Song Of Seven (Remastered & Expanded)

Jon Anderson

Esoteric Recordings, 2020

http://www.jonanderson.com

REVIEW BY: Mark Kadzielawa

ORIGINALLY PUBLISHED: 01/25/2021

Song Of Seven was Jon Anderson’s second solo album, and it was released back in 1980. At that time, Anderson was not a member of Yes, but a solo artist. He was very much on his own and there was no mother band to fall back on. This reissue brings that album back into the spotlight once again.

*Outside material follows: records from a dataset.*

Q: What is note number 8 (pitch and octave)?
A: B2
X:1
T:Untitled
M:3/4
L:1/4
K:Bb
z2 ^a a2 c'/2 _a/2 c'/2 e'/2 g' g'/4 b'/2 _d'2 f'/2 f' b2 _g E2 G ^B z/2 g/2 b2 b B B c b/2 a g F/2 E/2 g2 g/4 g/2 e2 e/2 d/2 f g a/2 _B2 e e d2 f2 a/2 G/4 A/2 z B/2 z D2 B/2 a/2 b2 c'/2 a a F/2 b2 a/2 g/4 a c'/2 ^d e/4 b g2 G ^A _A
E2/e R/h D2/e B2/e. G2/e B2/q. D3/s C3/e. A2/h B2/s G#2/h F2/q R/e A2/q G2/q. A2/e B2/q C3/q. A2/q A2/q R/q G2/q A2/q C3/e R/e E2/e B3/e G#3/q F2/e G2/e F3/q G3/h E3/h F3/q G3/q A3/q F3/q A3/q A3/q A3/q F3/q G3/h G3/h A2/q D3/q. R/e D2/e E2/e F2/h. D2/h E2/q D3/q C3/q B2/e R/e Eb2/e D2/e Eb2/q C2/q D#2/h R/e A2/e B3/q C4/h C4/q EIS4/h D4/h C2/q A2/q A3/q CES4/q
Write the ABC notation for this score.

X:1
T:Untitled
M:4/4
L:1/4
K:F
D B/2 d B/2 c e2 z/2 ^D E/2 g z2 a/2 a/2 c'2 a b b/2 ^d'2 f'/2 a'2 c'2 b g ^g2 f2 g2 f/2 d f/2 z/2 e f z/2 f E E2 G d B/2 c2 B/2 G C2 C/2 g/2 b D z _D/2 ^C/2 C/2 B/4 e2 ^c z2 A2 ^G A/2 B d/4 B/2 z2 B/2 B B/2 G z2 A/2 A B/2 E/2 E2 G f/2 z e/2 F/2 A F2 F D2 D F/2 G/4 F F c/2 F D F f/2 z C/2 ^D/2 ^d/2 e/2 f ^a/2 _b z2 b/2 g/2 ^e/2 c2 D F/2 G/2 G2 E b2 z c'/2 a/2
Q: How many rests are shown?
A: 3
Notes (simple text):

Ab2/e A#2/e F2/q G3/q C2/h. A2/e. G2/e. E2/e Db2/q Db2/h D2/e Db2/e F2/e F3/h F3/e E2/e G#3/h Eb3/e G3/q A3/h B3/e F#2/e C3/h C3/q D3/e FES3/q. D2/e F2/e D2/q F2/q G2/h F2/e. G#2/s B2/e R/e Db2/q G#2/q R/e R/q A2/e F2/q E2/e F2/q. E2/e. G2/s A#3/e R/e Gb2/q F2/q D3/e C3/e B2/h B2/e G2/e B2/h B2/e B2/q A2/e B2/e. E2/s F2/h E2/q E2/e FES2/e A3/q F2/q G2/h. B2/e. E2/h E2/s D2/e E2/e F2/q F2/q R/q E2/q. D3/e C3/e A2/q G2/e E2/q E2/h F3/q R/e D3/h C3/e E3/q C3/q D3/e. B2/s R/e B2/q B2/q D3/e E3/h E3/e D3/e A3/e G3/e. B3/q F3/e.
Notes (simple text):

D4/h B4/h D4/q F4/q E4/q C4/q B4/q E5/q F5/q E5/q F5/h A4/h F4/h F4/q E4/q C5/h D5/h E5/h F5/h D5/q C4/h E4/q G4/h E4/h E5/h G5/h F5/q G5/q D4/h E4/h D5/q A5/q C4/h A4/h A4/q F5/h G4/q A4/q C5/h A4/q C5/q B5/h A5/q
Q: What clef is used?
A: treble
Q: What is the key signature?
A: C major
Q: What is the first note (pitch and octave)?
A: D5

I have to say this album wasn’t one of my favorites for many years to come, but at some point, I began to warm up to it. Now I often play it and enjoy its relaxing qualities. It truly is a silent classic, but in a completely different way than what Anderson had been presenting up until then.  my_heart_sings_the_harmony_web_ad_alt_250

What is very interesting about this reissue are the liner notes that include an interview with Anderson, who tells a lot of new details about the origins of the music and the album itself. As it turns out, many of these songs were written with Yes in mind. At that time, the band was recording its Tormato album, and Anderson was told these songs were not fitting with the concept of that record. So, they ended up on Song Of Seven. It’s a very revealing piece of information. Also, the use of number seven in the title is nicely explained in the notes, but I won’t give that fact away.

Songs of Seven is a very joyful collection of tracks that work well as a whole. “Some Are Born” was a minor hit, and it was often played on the radio back in those days, but of course faded with time. Songs such as “Heart Of The Matter” and “Everybody Loves You” certainly strike a chord with their positive messages and upbeat rhythms. 

This album was not an easy one to find in the CD world. I believe it was only available as a Japanese import for many years. This reissue sounds so much better than anything released previously. You finally hear things that in the past appeared hidden, and they make the songs so much richer and fuller. There are two bonus tracks, but it’s only different versions of songs already included on the record. It’s still cool to have it all in one place, and I’m sure the completists will rejoice at this.

Song Of Seven is a transitional record for Jon Anderson. It captures him at a very special moment in time. Two years later he’d make Animation, and then it was back to Yes for the glamour and fame of 90125. Song Of Seven is like a quiet neighborhood walk in comparison to all of that.